BEGIN RECORDS FOR THE TASK

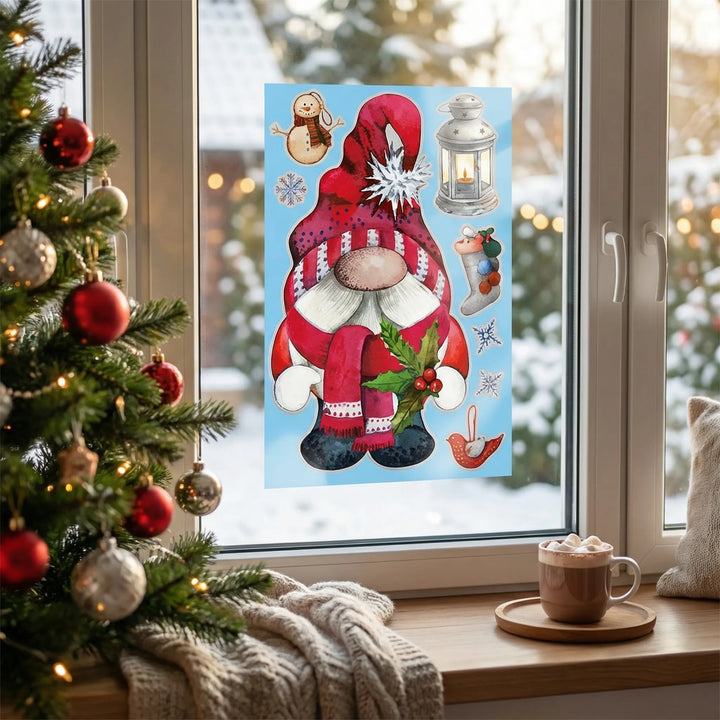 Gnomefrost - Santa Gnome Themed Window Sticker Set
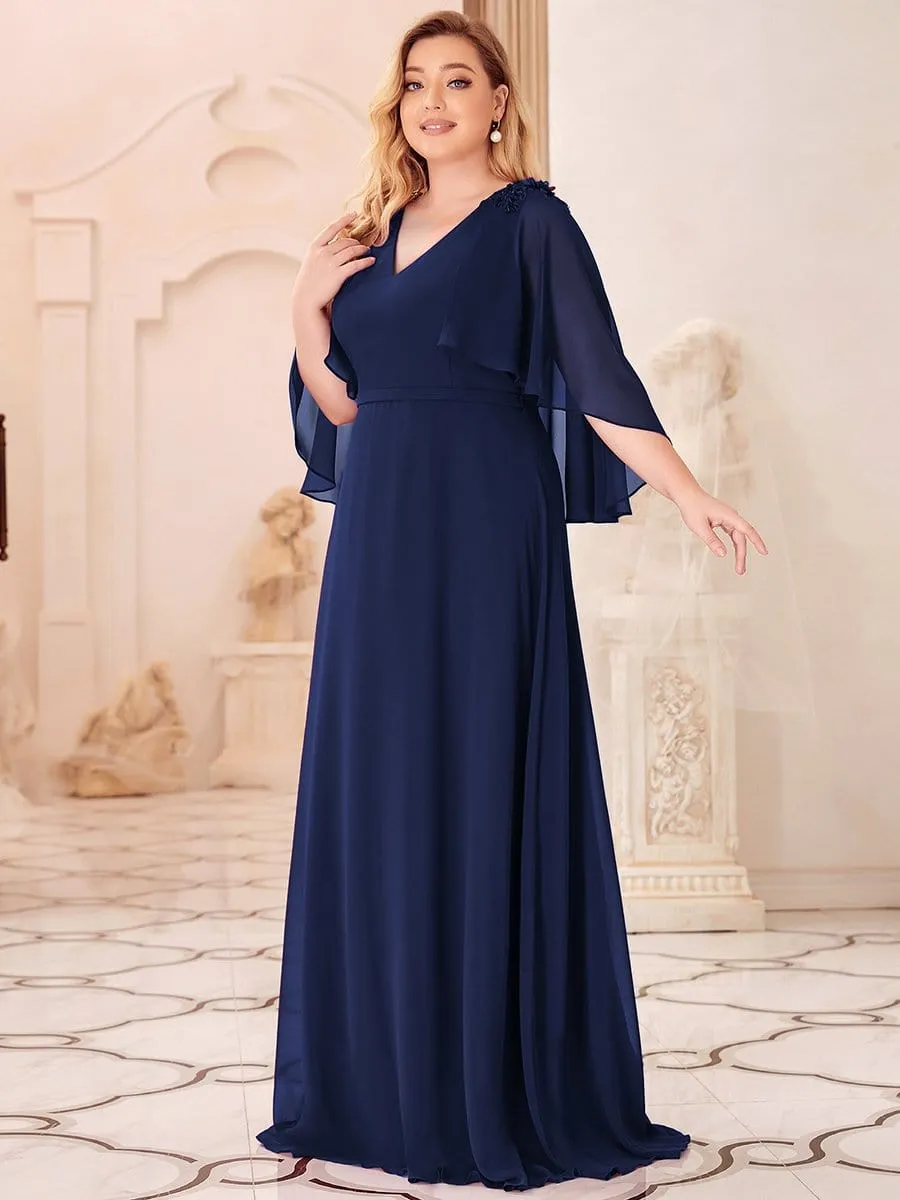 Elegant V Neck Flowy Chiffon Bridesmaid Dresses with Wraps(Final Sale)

END RECORDS FOR THE TASK
BEGIN RECORDS FOR THE TASK

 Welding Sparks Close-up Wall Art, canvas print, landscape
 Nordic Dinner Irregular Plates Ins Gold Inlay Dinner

END RECORDS FOR THE TASK
BEGIN RECORDS FOR THE TASK

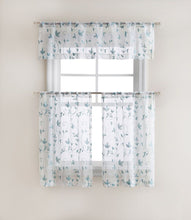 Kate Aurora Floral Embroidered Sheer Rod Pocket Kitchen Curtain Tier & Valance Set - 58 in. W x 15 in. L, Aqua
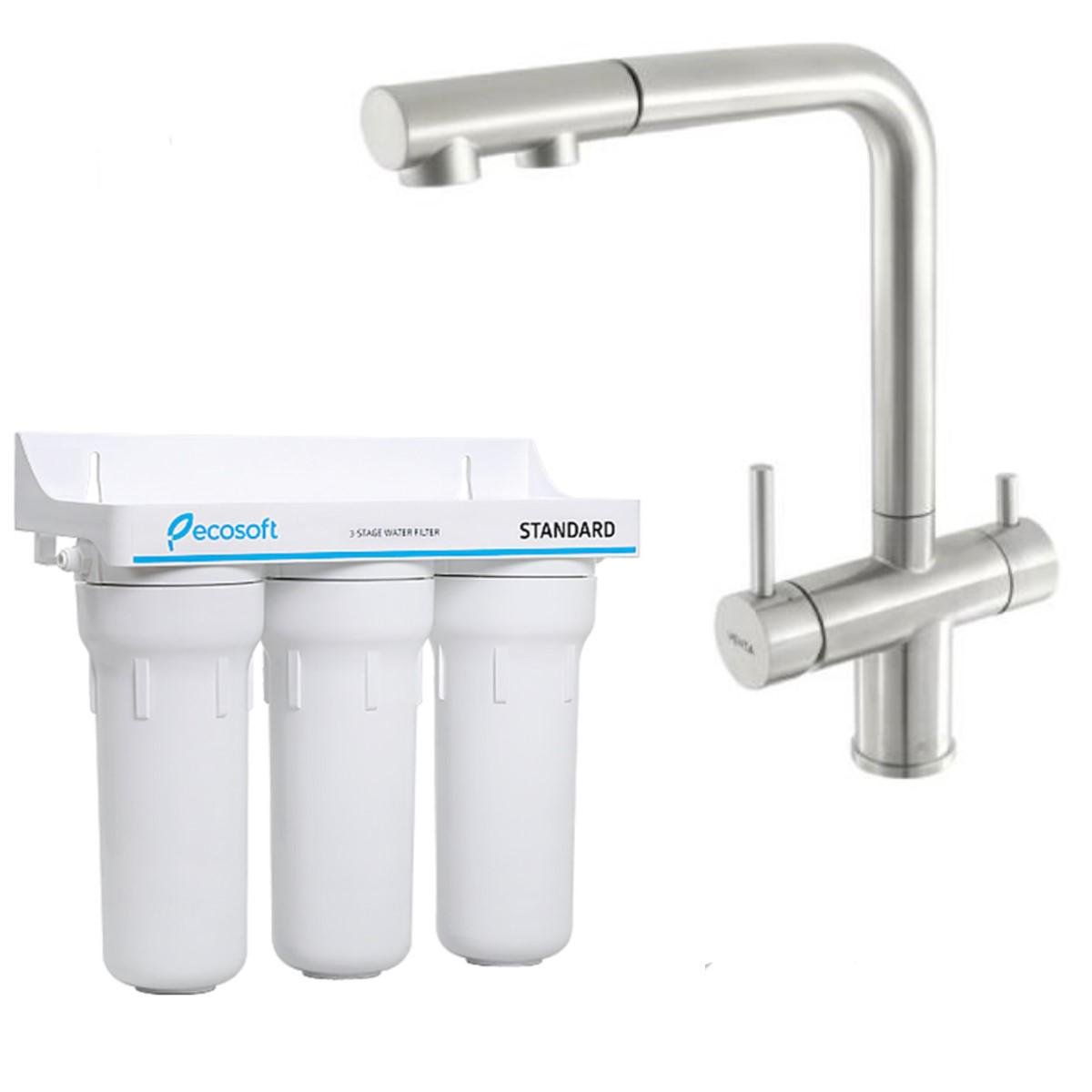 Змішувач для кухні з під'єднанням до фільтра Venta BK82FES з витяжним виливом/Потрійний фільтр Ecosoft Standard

END RECORDS FOR THE TASK

WHAT YOU NEED TO DO: All that should appear in the answer is the lines above from the line with "Gnomefrost - Santa" through the line with "Elegant V Neck", retyped exactly, pictures left out.

WRITTEN RESPONSE:
 Gnomefrost - Santa Gnome Themed Window Sticker Set
 Elegant V Neck Flowy Chiffon Bridesmaid Dresses with Wraps(Final Sale)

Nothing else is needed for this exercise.